S04 Data Science

Domain decomposition methods (DDMs) are robust and parallel efficient iterative solvers for discretized partial differential equations. However, the convergence rate of classic DDMs deteriorates for coefficient distributions with large contrasts. To retain the robustness for such problems, the coarse space of the DDM can be enriched by additional coarse basis functions, often obtained by solving local generalized eigenvalue problems. Within overlapping Schwarz methods, we consider the AGDSW (adaptive generalized Dryja-Smith-Widlund) coarse space to obtain robustness. However, the computation of the AGDSW coarse basis functions is computationally expensive due to the solution of many local eigenvalue problems. In this talk, we train a surrogate model based on a deep feedforward regression neural network which directly learns the necessary coarse basis functions. Additionally, we present first results where we also replace the solution of local subdomain problems by surrogate models. This talk is based on joint work with Axel Klawonn and Martin Lanser, University of Cologne, Germany.

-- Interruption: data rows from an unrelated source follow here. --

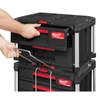 Kép 4/8 - Milwaukee Packout 2 fiókos tárolóláda 560x410x360mm
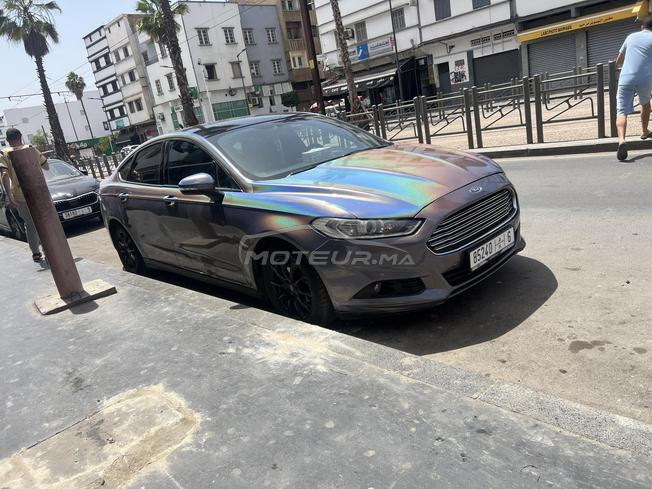 Ford Fusion Diesel Automatique 2016 à Khouribga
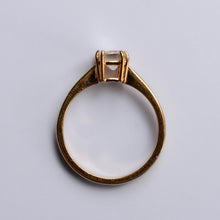 Load image into Gallery viewer, Emerald Cut Diamond Engagement Ring
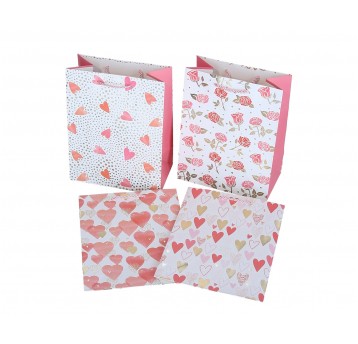 Torebki papierowe 18*23*10 mix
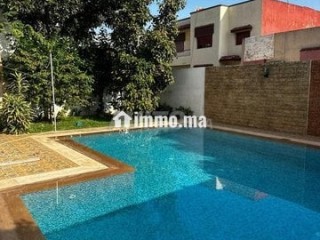 Vente d’une villa 3 façades de 466m² BIR RAMI EST - Villa à vendre - Kenitra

Chemical Mechanical Polishing (CMP) is a key process for achieving planarity in semiconductor wafer manufacturing. As modern chips consist of multiple stacked layers, surface irregularities can lead to performance reductions or complete wafer losses, directly impacting production yield. Reliable estimations of planarity are, therefore, crucial for the optimization and control of the CMP process. The combination of the chemical interaction between the slurry's ingredients and the mechanical removal mechanisms driven by small but firm abrasives is one primary driver of material removal. Predicting the slurry flow and leveraging known empirical relations between the shear stress resulting at the wafer surface leads to accurate estimations of the material removal rate (MRR), which serves as an indirect measure of planarity. Finite Element Methods (FEM) enable precise modeling of the incompressible Navier–Stokes equations in complex geometries but are computationally expensive and thus impractical the search for optimal process parameters or real-time control. This presentation explores the use of machine learning-based surrogate models to replace direct FEM simulations. In particular, Deep Operator Networks (DeepONets) and various extensions allow mappings from boundary and geometry conditions to full-field flow solutions. The presentation covers surrogate models applied to a canonical flow problem, the Kármán vortex street, and the transfer to slurry flow prediction in CMP. Results demonstrate that DeepONets can provide fast and sufficiently accurate approximations of the flow fields, enabling accelerated parameter studies.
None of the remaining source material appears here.